**Exercise directions**: In the entries that follow, repeat exactly the lines from the one that has "Welcome to WCSU" through the one that has "Lasso tools. Step", but omit pictures.

**Dataset excerpts**:
***
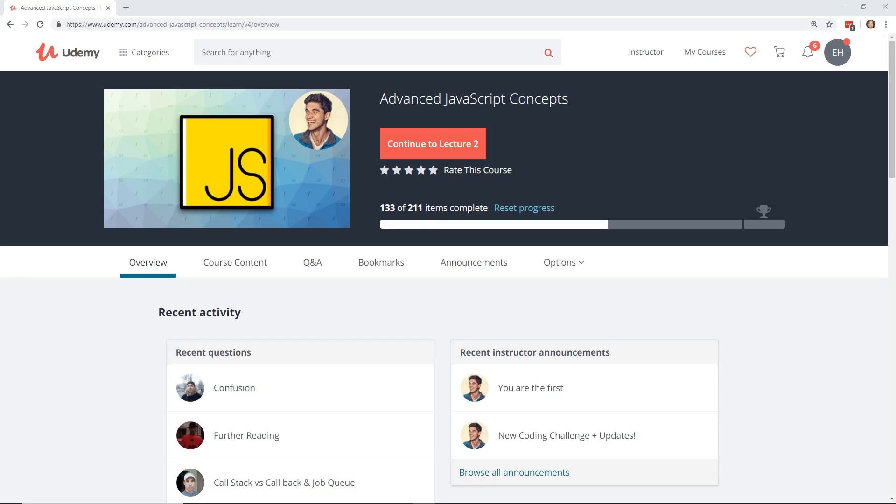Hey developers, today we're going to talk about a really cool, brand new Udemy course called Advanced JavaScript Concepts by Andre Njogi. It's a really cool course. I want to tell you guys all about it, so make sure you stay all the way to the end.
***
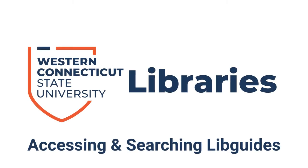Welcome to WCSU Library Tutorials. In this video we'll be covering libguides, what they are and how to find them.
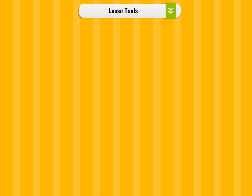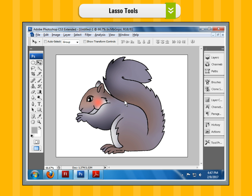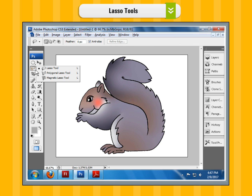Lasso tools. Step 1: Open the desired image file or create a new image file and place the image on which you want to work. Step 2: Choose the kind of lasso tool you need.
***
**Result of this task**:
Welcome to WCSU Library Tutorials. In this video we'll be covering libguides, what they are and how to find them.
Lasso tools. Step 1: Open the desired image file or create a new image file and place the image on which you want to work. Step 2: Choose the kind of lasso tool you need.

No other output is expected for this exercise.